##### DATA EXCERPTS
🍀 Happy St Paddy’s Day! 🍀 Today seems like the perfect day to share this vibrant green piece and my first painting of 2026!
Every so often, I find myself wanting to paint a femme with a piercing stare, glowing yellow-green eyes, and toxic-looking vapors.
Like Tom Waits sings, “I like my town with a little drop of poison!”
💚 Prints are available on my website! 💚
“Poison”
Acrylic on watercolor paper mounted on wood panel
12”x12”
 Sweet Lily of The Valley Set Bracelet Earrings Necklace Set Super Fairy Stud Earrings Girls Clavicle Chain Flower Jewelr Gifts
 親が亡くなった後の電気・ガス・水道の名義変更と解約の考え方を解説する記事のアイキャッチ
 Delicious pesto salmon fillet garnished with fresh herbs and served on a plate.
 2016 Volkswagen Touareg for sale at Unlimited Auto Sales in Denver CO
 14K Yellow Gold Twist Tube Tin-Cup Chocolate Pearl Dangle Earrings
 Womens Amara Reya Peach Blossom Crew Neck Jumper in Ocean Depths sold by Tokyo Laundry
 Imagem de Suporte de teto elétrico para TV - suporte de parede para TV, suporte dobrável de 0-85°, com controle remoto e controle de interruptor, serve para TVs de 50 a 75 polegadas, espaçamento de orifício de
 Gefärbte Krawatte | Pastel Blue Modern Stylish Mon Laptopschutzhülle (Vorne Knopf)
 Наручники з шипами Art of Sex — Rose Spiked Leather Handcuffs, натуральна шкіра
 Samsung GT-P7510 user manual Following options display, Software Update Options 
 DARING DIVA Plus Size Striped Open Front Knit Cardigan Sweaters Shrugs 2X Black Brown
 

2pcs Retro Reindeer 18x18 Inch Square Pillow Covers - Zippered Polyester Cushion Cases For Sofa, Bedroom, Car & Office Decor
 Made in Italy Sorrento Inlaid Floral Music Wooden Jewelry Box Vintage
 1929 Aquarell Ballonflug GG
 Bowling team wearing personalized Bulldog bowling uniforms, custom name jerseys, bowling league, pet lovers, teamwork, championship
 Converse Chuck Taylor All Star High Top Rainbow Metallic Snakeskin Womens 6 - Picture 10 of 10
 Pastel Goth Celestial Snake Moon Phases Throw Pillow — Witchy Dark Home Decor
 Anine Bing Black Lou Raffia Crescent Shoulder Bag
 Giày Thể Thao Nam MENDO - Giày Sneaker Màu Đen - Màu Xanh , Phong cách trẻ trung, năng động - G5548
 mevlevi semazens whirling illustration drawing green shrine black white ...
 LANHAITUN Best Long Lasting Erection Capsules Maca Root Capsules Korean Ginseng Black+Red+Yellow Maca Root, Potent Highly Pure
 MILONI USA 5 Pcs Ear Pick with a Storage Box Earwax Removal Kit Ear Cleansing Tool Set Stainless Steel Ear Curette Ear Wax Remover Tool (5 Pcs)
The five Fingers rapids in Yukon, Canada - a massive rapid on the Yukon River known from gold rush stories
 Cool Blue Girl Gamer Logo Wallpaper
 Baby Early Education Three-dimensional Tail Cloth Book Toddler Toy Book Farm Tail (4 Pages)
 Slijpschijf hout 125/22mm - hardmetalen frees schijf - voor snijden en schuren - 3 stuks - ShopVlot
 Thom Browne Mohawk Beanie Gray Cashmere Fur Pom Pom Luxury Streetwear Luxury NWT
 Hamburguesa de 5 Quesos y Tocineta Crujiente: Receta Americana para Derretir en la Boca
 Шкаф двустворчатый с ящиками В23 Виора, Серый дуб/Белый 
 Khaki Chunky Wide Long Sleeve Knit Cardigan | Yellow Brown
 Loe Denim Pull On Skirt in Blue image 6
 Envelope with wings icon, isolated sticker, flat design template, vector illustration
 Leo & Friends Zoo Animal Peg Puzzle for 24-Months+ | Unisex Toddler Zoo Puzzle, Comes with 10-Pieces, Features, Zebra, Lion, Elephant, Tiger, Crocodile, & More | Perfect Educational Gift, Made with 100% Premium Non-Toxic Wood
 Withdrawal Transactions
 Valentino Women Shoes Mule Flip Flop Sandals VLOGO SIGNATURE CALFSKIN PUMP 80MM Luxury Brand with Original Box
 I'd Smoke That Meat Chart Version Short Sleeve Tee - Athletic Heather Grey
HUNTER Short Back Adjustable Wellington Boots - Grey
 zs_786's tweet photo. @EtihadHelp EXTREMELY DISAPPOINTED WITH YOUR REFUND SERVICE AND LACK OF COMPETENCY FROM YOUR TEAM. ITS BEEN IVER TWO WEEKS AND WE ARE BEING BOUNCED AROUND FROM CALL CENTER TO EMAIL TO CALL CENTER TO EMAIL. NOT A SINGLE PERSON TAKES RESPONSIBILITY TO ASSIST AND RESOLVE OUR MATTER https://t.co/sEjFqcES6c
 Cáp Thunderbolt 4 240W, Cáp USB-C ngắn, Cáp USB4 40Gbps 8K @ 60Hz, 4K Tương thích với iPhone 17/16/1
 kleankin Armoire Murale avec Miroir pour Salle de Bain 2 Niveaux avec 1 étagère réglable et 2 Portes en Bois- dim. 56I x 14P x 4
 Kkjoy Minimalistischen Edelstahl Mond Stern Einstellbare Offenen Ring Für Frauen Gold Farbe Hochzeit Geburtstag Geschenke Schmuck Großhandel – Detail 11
##########
### PROBLEM TO WORK ON
Please repeat all the records above exactly as they appear.

### PROBLEM SOLUTION
🍀 Happy St Paddy’s Day! 🍀 Today seems like the perfect day to share this vibrant green piece and my first painting of 2026!
Every so often, I find myself wanting to paint a femme with a piercing stare, glowing yellow-green eyes, and toxic-looking vapors.
Like Tom Waits sings, “I like my town with a little drop of poison!”
💚 Prints are available on my website! 💚
“Poison”
Acrylic on watercolor paper mounted on wood panel
12”x12”
 Sweet Lily of The Valley Set Bracelet Earrings Necklace Set Super Fairy Stud Earrings Girls Clavicle Chain Flower Jewelr Gifts
 親が亡くなった後の電気・ガス・水道の名義変更と解約の考え方を解説する記事のアイキャッチ
 Delicious pesto salmon fillet garnished with fresh herbs and served on a plate.
 2016 Volkswagen Touareg for sale at Unlimited Auto Sales in Denver CO
 14K Yellow Gold Twist Tube Tin-Cup Chocolate Pearl Dangle Earrings
 Womens Amara Reya Peach Blossom Crew Neck Jumper in Ocean Depths sold by Tokyo Laundry
 Imagem de Suporte de teto elétrico para TV - suporte de parede para TV, suporte dobrável de 0-85°, com controle remoto e controle de interruptor, serve para TVs de 50 a 75 polegadas, espaçamento de orifício de
 Gefärbte Krawatte | Pastel Blue Modern Stylish Mon Laptopschutzhülle (Vorne Knopf)
 Наручники з шипами Art of Sex — Rose Spiked Leather Handcuffs, натуральна шкіра
 Samsung GT-P7510 user manual Following options display, Software Update Options 
 DARING DIVA Plus Size Striped Open Front Knit Cardigan Sweaters Shrugs 2X Black Brown
 

2pcs Retro Reindeer 18x18 Inch Square Pillow Covers - Zippered Polyester Cushion Cases For Sofa, Bedroom, Car & Office Decor
 Made in Italy Sorrento Inlaid Floral Music Wooden Jewelry Box Vintage
 1929 Aquarell Ballonflug GG
 Bowling team wearing personalized Bulldog bowling uniforms, custom name jerseys, bowling league, pet lovers, teamwork, championship
 Converse Chuck Taylor All Star High Top Rainbow Metallic Snakeskin Womens 6 - Picture 10 of 10
 Pastel Goth Celestial Snake Moon Phases Throw Pillow — Witchy Dark Home Decor
 Anine Bing Black Lou Raffia Crescent Shoulder Bag
 Giày Thể Thao Nam MENDO - Giày Sneaker Màu Đen - Màu Xanh , Phong cách trẻ trung, năng động - G5548
 mevlevi semazens whirling illustration drawing green shrine black white ...
 LANHAITUN Best Long Lasting Erection Capsules Maca Root Capsules Korean Ginseng Black+Red+Yellow Maca Root, Potent Highly Pure
 MILONI USA 5 Pcs Ear Pick with a Storage Box Earwax Removal Kit Ear Cleansing Tool Set Stainless Steel Ear Curette Ear Wax Remover Tool (5 Pcs)
The five Fingers rapids in Yukon, Canada - a massive rapid on the Yukon River known from gold rush stories
 Cool Blue Girl Gamer Logo Wallpaper
 Baby Early Education Three-dimensional Tail Cloth Book Toddler Toy Book Farm Tail (4 Pages)
 Slijpschijf hout 125/22mm - hardmetalen frees schijf - voor snijden en schuren - 3 stuks - ShopVlot
 Thom Browne Mohawk Beanie Gray Cashmere Fur Pom Pom Luxury Streetwear Luxury NWT
 Hamburguesa de 5 Quesos y Tocineta Crujiente: Receta Americana para Derretir en la Boca
 Шкаф двустворчатый с ящиками В23 Виора, Серый дуб/Белый 
 Khaki Chunky Wide Long Sleeve Knit Cardigan | Yellow Brown
 Loe Denim Pull On Skirt in Blue image 6
 Envelope with wings icon, isolated sticker, flat design template, vector illustration
 Leo & Friends Zoo Animal Peg Puzzle for 24-Months+ | Unisex Toddler Zoo Puzzle, Comes with 10-Pieces, Features, Zebra, Lion, Elephant, Tiger, Crocodile, & More | Perfect Educational Gift, Made with 100% Premium Non-Toxic Wood
 Withdrawal Transactions
 Valentino Women Shoes Mule Flip Flop Sandals VLOGO SIGNATURE CALFSKIN PUMP 80MM Luxury Brand with Original Box
 I'd Smoke That Meat Chart Version Short Sleeve Tee - Athletic Heather Grey
HUNTER Short Back Adjustable Wellington Boots - Grey
 zs_786's tweet photo. @EtihadHelp EXTREMELY DISAPPOINTED WITH YOUR REFUND SERVICE AND LACK OF COMPETENCY FROM YOUR TEAM. ITS BEEN IVER TWO WEEKS AND WE ARE BEING BOUNCED AROUND FROM CALL CENTER TO EMAIL TO CALL CENTER TO EMAIL. NOT A SINGLE PERSON TAKES RESPONSIBILITY TO ASSIST AND RESOLVE OUR MATTER https://t.co/sEjFqcES6c
 Cáp Thunderbolt 4 240W, Cáp USB-C ngắn, Cáp USB4 40Gbps 8K @ 60Hz, 4K Tương thích với iPhone 17/16/1
 kleankin Armoire Murale avec Miroir pour Salle de Bain 2 Niveaux avec 1 étagère réglable et 2 Portes en Bois- dim. 56I x 14P x 4
 Kkjoy Minimalistischen Edelstahl Mond Stern Einstellbare Offenen Ring Für Frauen Gold Farbe Hochzeit Geburtstag Geschenke Schmuck Großhandel – Detail 11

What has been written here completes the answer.